JUST WANTING TO CHAT WITH YOU, KOTA...

Hi Honey... 

Thinking about you a lot tonight. Daddy, your brother Peter, and I were sitting for hours tonight just chatting about everything and anything. When we were done, I got online and made the mistake of reading the news where, of course, there were numerous stories about senseless deaths of children. My heart began to ache for those families. For the cruelty of this physical manifestation of a world. For how much every parent aches when a child is physically gone. And then, of course, I began to miss you and think about how you would have been in our hours of chatting this evening. 

Would you have chimed in with your own chatting? Would you have been bored? Would you have fallen asleep with your head in my lap while we hummed on in conversation? I have no idea who you would be by now.
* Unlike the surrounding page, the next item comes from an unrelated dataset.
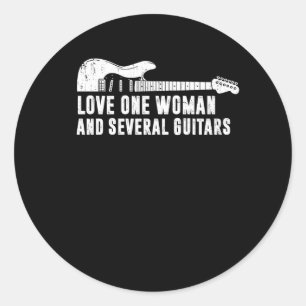 Liebe eins Frauen und mehrere Gitarrist Gitarrist  Runder Aufkleber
My gawd, I miss you. 

At the same time, I think to myself, "And yet, Kara, he was here, he is here, he is all over your experiences of life." You often come into my awareness as a sprite'ling of energy, an unmaterialized being, a guardian angel near by. 

When I was out walking today, there were almost no cars the whole time, very few people I could hear, and the trees are still thick evergreen and everything hung with the quiet layer of moss, crisp, moist air all around, a bright grey and amazing smell of winter. For the most part, I was totally alone. Silence except the birds and cows. The water of the Sound stirring off in the distance and a few sea gulls screeching. 

I stopped in the middle of the lane. Looked up the road and down. Realized that this world is magical. Something I dreamed of many years before discovering it. And as I looked around, trying to be as conscious and grateful as possible, I felt like I did as a kid playing my imaginary friends. Beings all around me, protecting, playing, lively. And I felt your little sprite'ling being. Could see you playing up and down as we walked. Pointing out the last flowers trailing on by a thread on the berry bushes. Getting excited about the horses in the stables as we wondered by. You and I. Almost two hours, walking together. 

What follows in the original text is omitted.